▶ **TO DO**
Reproduce, unchanged, the lines between the one holding "Collana Acciaio inox" and the last line of the records, including both ends, but no pictures.
[DATASET CONTENT — start]
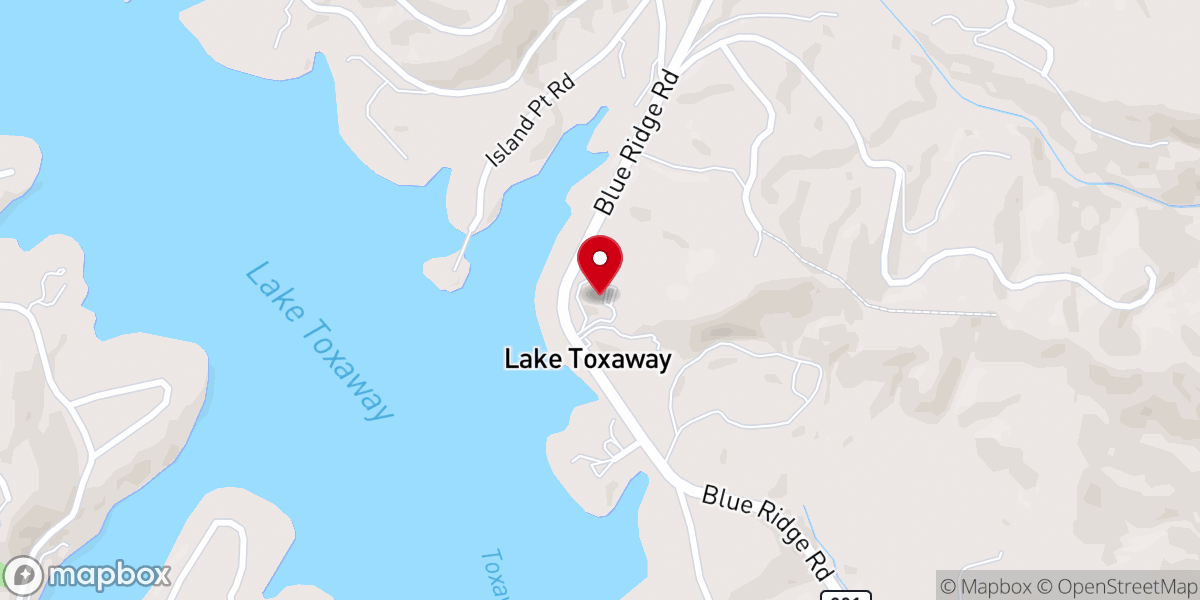 Map showing location of Saint Andrews by The Lake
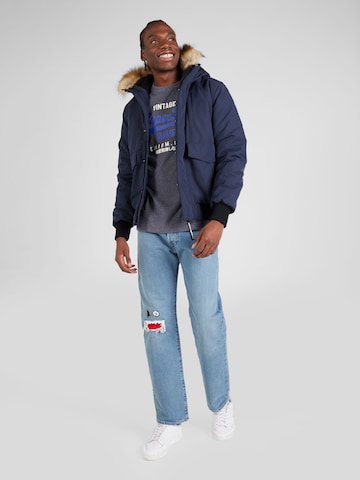 Superdry Зимняя куртка 'Everest' в Синий
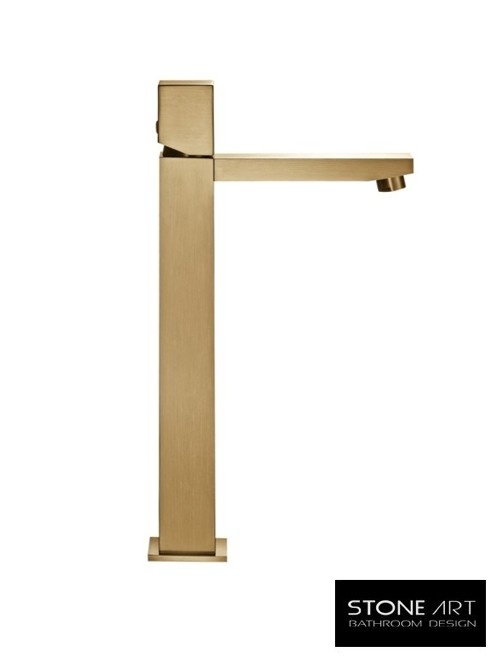 StoneArt Nover Hoog wastafelkraan Goud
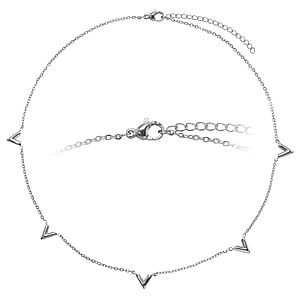 Collana Acciaio inox Triangolo Trilatero Lettera Numero Cifra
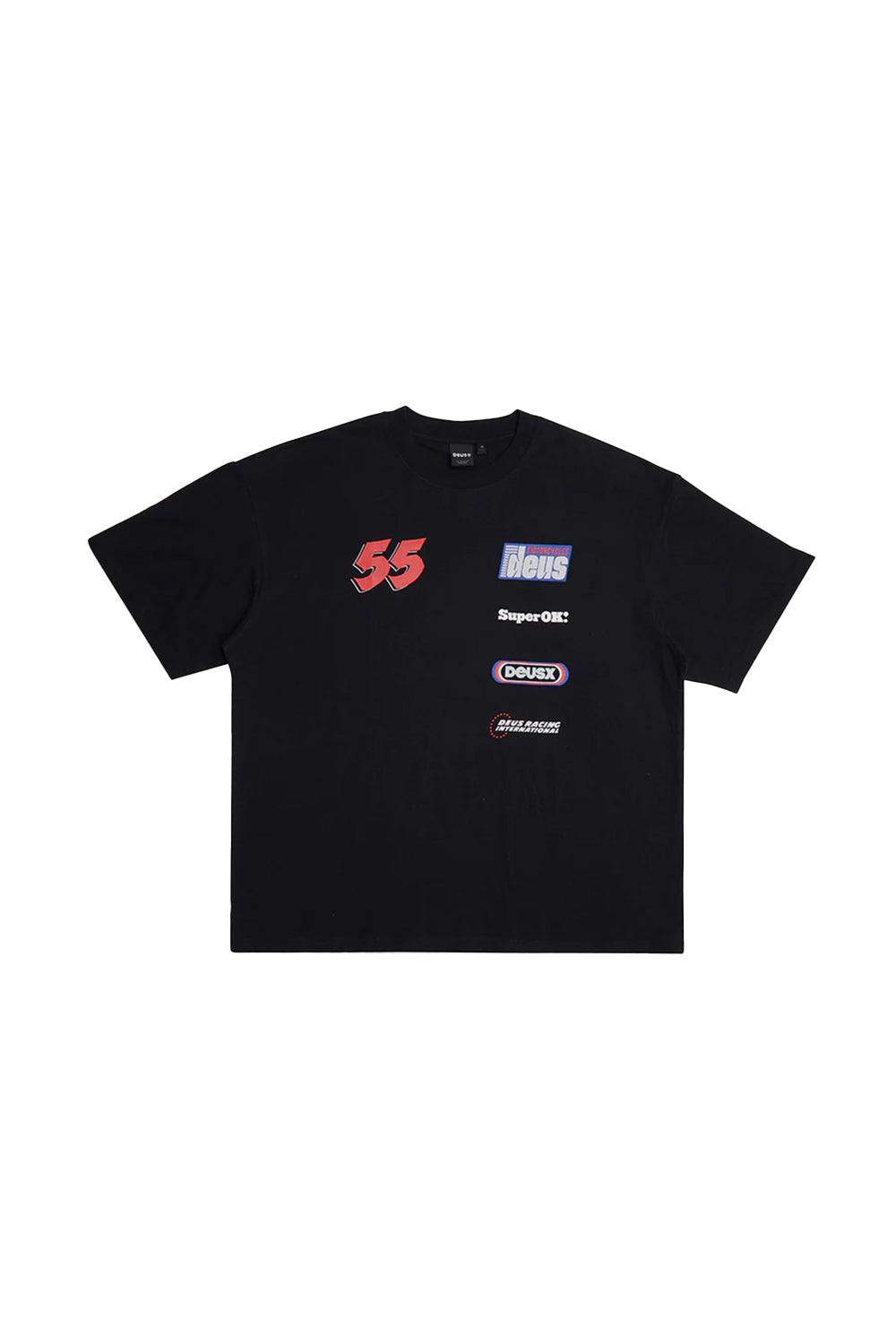 Deus-Moto Decal Tee Black-T-Shirts-5-Milagron.com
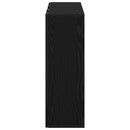 vidaXL Széf fiókkal Fekete tölgy 73,5 x 24 x 69,5 cm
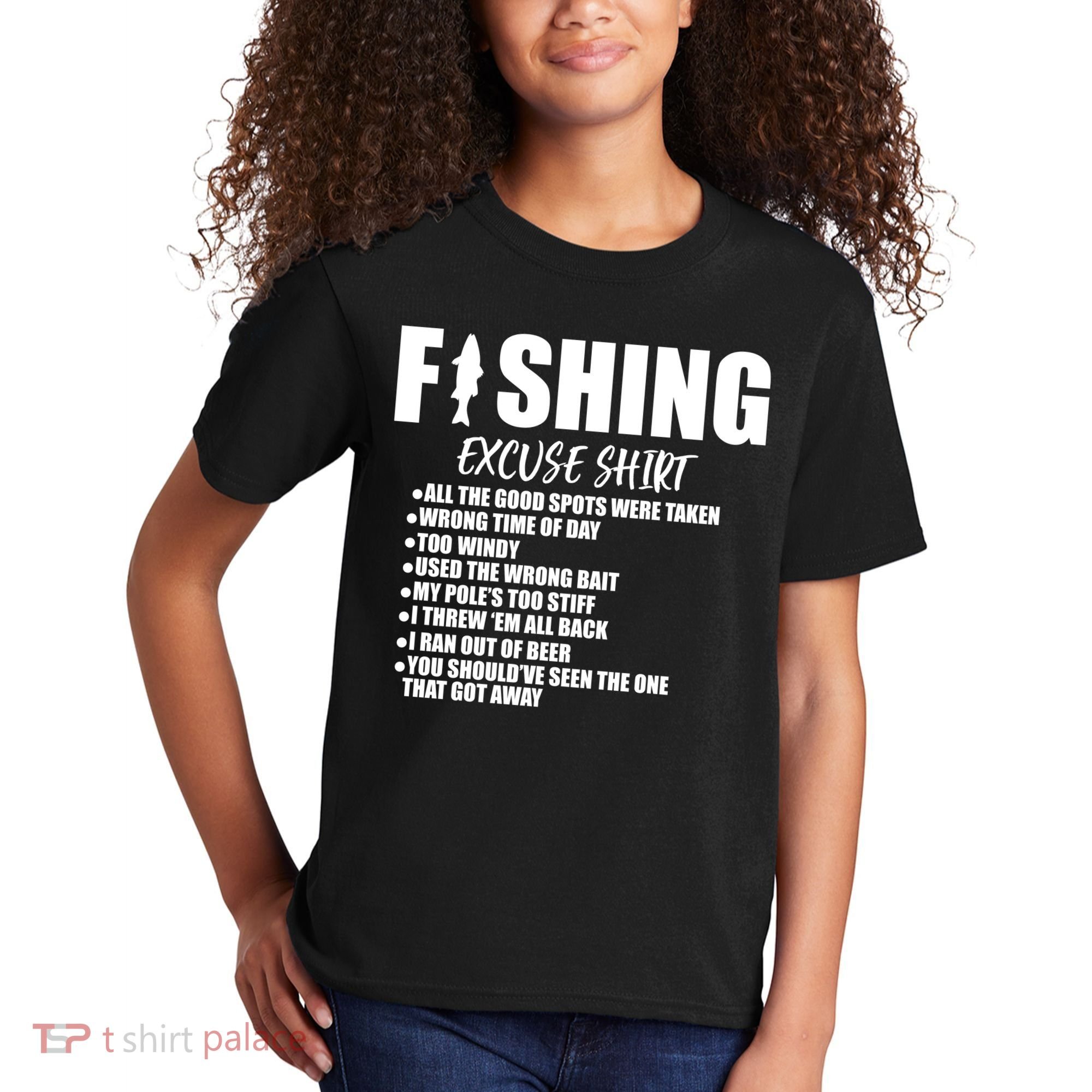 Funny Fishing Excuses Kids T-Shirt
[DATASET CONTENT — finish]
▶ **TASK SOLUTION**
 Collana Acciaio inox Triangolo Trilatero Lettera Numero Cifra
 Deus-Moto Decal Tee Black-T-Shirts-5-Milagron.com
 vidaXL Széf fiókkal Fekete tölgy 73,5 x 24 x 69,5 cm
 Funny Fishing Excuses Kids T-Shirt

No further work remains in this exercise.